Thursday, September 7, 2017

Luigi batch scheduling framework

About Luigi

Luigi is a python package that help you create complex data pipelines for batch jobs. Luigi is batch workflow system that support command line,  hive, pig, map reduce,spark,scala,python and many more types of jobs that can be integrated to build  pipelines.
Luigi workflow is controlled by command line and status of workflow can be monitored by web interface.

Some of the useful features includes:
  • Dependency Management (Dependency as be defined easily)
  • Workflow management (Re-run failed job, handle exception etc)
  • Visualization (Provide web interface to inspect the workflow running)
  • Command line integration (trigger the workflow from command line and specify parameter)

Installing

Install Python
If python not installed then execute below commands or skip it.
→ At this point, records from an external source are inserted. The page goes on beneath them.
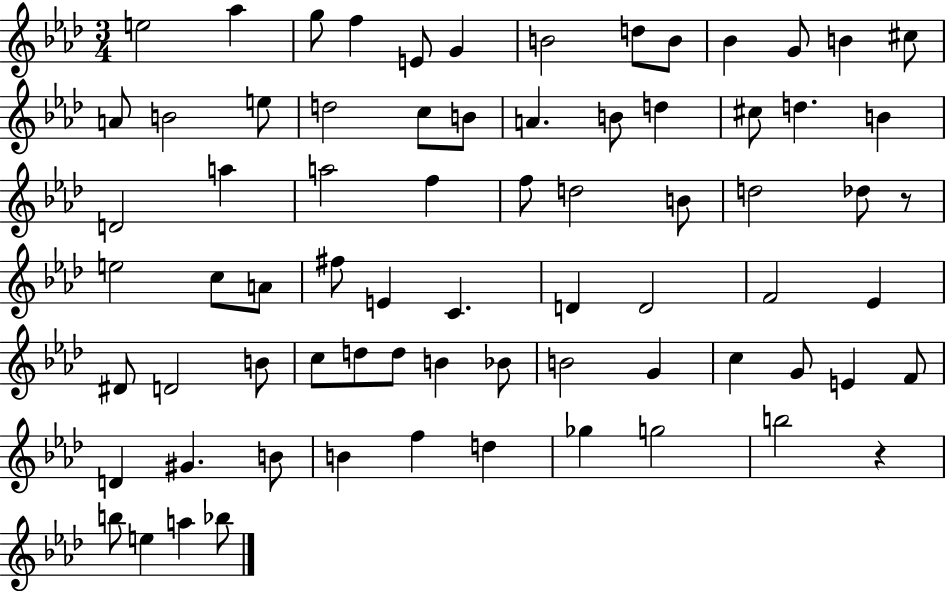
{
  \clef treble
  \numericTimeSignature
  \time 3/4
  \key aes \major
  e''2 aes''4 | g''8 f''4 e'8 g'4 | b'2 d''8 b'8 | bes'4 g'8 b'4 cis''8 | \break a'8 b'2 e''8 | d''2 c''8 b'8 | a'4. b'8 d''4 | cis''8 d''4. b'4 | \break d'2 a''4 | a''2 f''4 | f''8 d''2 b'8 | d''2 des''8 r8 | \break e''2 c''8 a'8 | fis''8 e'4 c'4. | d'4 d'2 | f'2 ees'4 | \break dis'8 d'2 b'8 | c''8 d''8 d''8 b'4 bes'8 | b'2 g'4 | c''4 g'8 e'4 f'8 | \break d'4 gis'4. b'8 | b'4 f''4 d''4 | ges''4 g''2 | b''2 r4 | \break b''8 e''4 a''4 bes''8 | \bar "|."
}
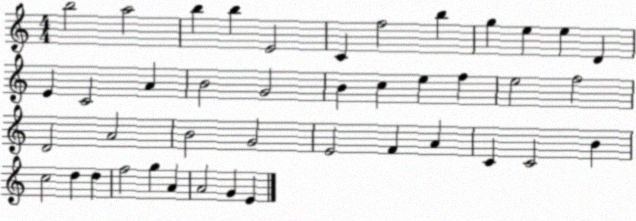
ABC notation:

X:1
T:Untitled
M:4/4
L:1/4
K:C
b2 a2 b b E2 C f2 b g e e D E C2 A B2 G2 B c e f e2 f2 D2 A2 B2 G2 E2 F A C C2 B c2 d d f2 g A A2 G E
$sudo apt-get install python-setuptools python-dev build-essential
$sudo easy_install pip

Install luigi

$sudo pip install luigi
$sudo pip install tornado

Defining workflows in Luigi


Luigi define pipeline using Task and Target.

Target is output of a task which can be a file on local file system(luigi.LocalTarget), hdfs filesystem (luigi.HDFSTarget)or S3 filesystem(luigi.S3Target) or data in database.
Task is the unit of work designed by extending the class luigi.Task. The method in super class (luigi.Task) that need to be implemented by subclass:
  • requires: this will define any dependency on other task or input parameter by the task.
  • output: return one for more target object that task will produce when run. 
  • run: here all the code that task should run is present.
A simple Task in Luigi (to understand the Task and Target in luigi)

import luigi

class NumberCount(luigi.Task):
    n = luigi.IntParameter(default=10)

    def requires(self):
        return None
    def output(self):
        return luigi.LocalTarget('number_count_{}.txt'.format(self.n))
    def run(self):
        with self.output().open('w') as outfile:
          for i in range(1,self.n):
           outfile.write('{}\n'.format(i))

if __name__ == '__main__':
    luigi.run()

Note: Class NumberCount inherit from luigi.Task and we use Target as luigi.LocalTarget( means file in local filesystem).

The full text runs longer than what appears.